Another vacation away from the animals – if you ever wonder how we do it, check out my post here.
It is important to our family to spend time together and get to know our state and history in which we live. We were able to spend time away from ‘life’ and in nature. We went on many hikes, got lost in the woods, biked a few miles, and enjoyed Minnesota’s beauty.
We made it known that our 2 and 4 year old sons are used to ‘living in the ‘country’ because while at a national monument, the 2 year old pulled his pants down and relieves himself right in the middle of the park. Right in front of at least fifty people. He must’ve been holding it for awhile because it felt like a solid minute of stream before he could pull his pants up.

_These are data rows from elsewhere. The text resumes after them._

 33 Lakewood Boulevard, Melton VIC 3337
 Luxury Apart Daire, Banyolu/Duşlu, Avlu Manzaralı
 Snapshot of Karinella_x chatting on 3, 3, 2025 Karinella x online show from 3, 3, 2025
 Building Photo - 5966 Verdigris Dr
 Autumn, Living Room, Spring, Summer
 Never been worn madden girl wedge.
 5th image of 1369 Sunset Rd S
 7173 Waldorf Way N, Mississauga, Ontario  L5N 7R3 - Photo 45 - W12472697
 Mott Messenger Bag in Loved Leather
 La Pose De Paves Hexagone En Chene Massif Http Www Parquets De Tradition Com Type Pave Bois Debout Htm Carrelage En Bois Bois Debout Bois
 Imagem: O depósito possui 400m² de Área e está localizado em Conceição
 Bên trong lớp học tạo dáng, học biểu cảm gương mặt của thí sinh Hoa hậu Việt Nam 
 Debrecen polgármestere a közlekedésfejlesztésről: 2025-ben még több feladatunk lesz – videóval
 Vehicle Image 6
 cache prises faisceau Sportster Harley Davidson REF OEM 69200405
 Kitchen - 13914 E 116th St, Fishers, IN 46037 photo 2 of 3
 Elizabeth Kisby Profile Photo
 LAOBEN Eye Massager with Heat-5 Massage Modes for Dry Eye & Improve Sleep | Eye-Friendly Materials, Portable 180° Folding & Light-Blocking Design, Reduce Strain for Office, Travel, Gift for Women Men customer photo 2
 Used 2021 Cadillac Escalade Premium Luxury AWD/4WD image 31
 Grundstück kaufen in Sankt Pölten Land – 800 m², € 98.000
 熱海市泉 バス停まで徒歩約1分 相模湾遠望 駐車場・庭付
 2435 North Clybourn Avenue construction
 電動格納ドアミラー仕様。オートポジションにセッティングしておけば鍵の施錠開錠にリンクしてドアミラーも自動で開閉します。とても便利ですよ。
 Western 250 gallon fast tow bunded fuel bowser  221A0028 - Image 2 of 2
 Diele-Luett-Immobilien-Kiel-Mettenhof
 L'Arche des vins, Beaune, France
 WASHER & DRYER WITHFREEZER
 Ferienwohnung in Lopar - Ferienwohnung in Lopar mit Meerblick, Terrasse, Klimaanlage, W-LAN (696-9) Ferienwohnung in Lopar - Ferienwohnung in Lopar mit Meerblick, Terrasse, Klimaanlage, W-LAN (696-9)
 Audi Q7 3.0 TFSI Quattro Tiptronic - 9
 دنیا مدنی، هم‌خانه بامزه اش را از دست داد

People were laughing. I was fifty shades of red and he is giving everyone the stink eye for looking at him while he was urinating.
Last year I was on our patio grilling and the kids were out of sight.
Then the oldest yells out to me: we are eating strawberries, mom!
Sure as schnitzel, the kids found a wild strawberry patch alongside the house and were devouring them.
Wild strawberries are MUCH smaller than regular strawberries and more sour.
This year I had my eye out for the strawberries so we do not step on or mow them down. When we go outside we pick all the red ones. The two year old picked a mitt full for himself and another for his brother. By the time he got to his brother, both handfuls were in his belly. Oops. 🤷🏼♀️
The Berry Hill Farm.
Our little wild strawberry patch was a signal that the strawberry patches will soon be open for picking!
We were able to get out to the local patch and get a few pounds of berries. The kids ate more than they helped pick, but regardless we got some delicious strawberries.
It is amazing how delicious fresh strawberries are. They truly are a treat. Hopefully next year we will have some of our own!
The four-year-old insisted he use my phone to take pics and I begrudgingly let him. I get irritated deleting 100 pics off my phone, but in all reality it takes ten seconds for an hour of his entertainment.
He was able to capture the above pic of the two-year-old and I with our strawberries. Worth it.
Usually I am behind the camera but he had the idea to take our pic and I love it.
Strawberries are the first fruit to truly signify summer is here! They can be made so many ways and add a taste that brightens anything it’s paired with.
We love strawberry shortcake, jam, bars, and syrup for kombucha or seltzer’s.
Strawberry Rhubarb Jam.
My favorite strawberry recipe: Strawberry Rhubarb Jam
The strawberries are so sweet and paired with zippy rhubarb. The jam is perfect with peanut butter, butter or cream cheese. The creaminess with the tangy-sweet jelly is making my mouth water.
I LOVE strawberry rhubarb jam. Plus, it is SUPER easy to make.
1 lb strawberries
1 lb rhubarb
1.5 c sugar
No pectin, no preservatives. Everything besides the sugar is locally-grown.
I asked the Kelley Farm owners how people sweetened their food 180 years ago (expecting to hear the answer of honey or maple syrup) and I got the answer of sugar. Yup. Nearly 200 years ago people bought bulk sugar and flour for baking.
Everything in moderation. Even sugar.
I was able to make 6 jars of jam while I simultaneously got the kids ready for bed and did dishes. Literally takes no time.
Our family of four consumes 9-12 jars a year. I will do one or two more batches because I like to slip a few jars to my father-in-law.
Blue Fricken Eggs.
My family came over for dinner, as they do.
My sister peeks in to say hello to little Footless Phoebe. I am busy cleaning up dinner when she asks, ‘Phoebe lays eggs?!’
uh, no? Why?
Theres an egg in there?
there really is!
if it’s not blue then I don’t want it!
Phoebe laid an egg and by golly it is fricken blue! Easter eggers can lay literally ANY color of egg. I wanted a blue egg, but any color besides light brown would have done me proud.
My little sugar muffin laid a blue egg.
Can you sense my pride?
Not only am I happy for a blue egg, but the fact that she is laying eggs means she is healthy and happy. I was worried she wasn’t healing properly and it was affecting her. She was supposed to lay eggs in April and it is June. Plus she is small for her age.
Little Phoeberoni is a healthy chick and she lays blue eggs.